Chào các bạn! Vì nhiều lý do từ nay Truyen2U chính thức đổi tên là Truyen247.Pro. Mong các bạn tiếp tục ủng hộ truy cập tên miền mới này nhé! Mãi yêu... ♥

05 >> Malam Kelam

Budayakan membaca notes, vote, dan comment ya😊

Selamat membaca🤗

Sorry for any typo(s)
.
.
.
.
.
.
.
.
.
.
.
.
.
.
.

------------------------------------------

"Menangislah, bukan karena kau lemah. Setidaknya air mata yang kau keluarkan mampu mengurangi sedikit beban yang sedang kau rasa."

------------------------------------------

Dentuman keras suara musik terdengar begitu memekakan telinga. Bau alkohol dan asap rokok menyeruak memenuhi club yang terkenal di ibukota ini.

Pria dan wanita saling menggoyangkan badan mengikuti irama musik. Suara tawa begitu lepasnya menggelegar tanpa peduli apa yang mereka perbuat itu salah dan tak beradab.

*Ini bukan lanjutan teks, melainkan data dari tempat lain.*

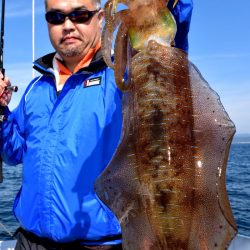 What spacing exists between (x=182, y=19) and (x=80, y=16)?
1.25m

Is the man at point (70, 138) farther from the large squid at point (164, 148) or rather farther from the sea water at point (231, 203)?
the sea water at point (231, 203)

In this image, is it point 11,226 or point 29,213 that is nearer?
point 29,213

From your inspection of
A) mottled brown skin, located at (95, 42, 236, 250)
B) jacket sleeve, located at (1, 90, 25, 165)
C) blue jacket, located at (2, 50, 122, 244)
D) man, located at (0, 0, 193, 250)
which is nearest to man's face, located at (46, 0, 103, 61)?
man, located at (0, 0, 193, 250)

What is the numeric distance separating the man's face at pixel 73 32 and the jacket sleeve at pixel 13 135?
0.95 m

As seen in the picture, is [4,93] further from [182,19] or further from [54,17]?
[182,19]

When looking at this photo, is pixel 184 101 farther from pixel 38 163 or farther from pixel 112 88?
pixel 38 163

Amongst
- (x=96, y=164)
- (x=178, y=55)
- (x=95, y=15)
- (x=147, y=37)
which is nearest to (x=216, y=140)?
(x=178, y=55)

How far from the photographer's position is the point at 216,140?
8.07ft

Di pojok club, terdapat segerombolan pria dewasa ditemani beberapa wanita dengan pakaian yang begitu minimnya menunjukkan lekuk tubuh mereka.

Salah seorang pria paruh baya duduk di sofa panjang dengan ditemani dua wanita di sampingnya. Sedangkan ada pria yang mengenakan jaket kulit duduk di depannya.

"Gue udah bawa dia Bos, sekarang mana bayaran gue," ujar pria berjaket kulit itu.

Pria yang dipanggil bos tadi menyeringai kemudian berbisik kepada anak buahnya. Lalu si anak buah mengangguk dan pergi meninggalkannya.

"Gue nggak habis pikir lo berani ngejual anak lo sendiri ke gue, nggak nyesel lo?" kata si bos itu.

Si pria berjaket kulit tadi menggeleng, "Buat apa nyesel, dia bukan anak gue jadi ya buat apa gue ngerawat dia, buang-buang waktu," ujarnya.

"Sandy... Sandy... dari dulu sampe sekarang sama aja liciknya,"

Rupanya pria berjaket kulit tadi ialah Sandy, ayah tiri Gabriella. Dia sedang menemui bosnya yang merupakan pemilik salah satu club malam terkenal di Jakarta.

Sandy menyeringai, "Gue bakalan ngelakuin apapun, meskipun gue harus nyingkirin orang lain,"

Si bos hanya menggeleng melihat Sandy yang memiliki ambisi begitu besar, bahkan ia rela menghalalkan segala cara hanya untuk mendapatkan apa yang ia inginkan.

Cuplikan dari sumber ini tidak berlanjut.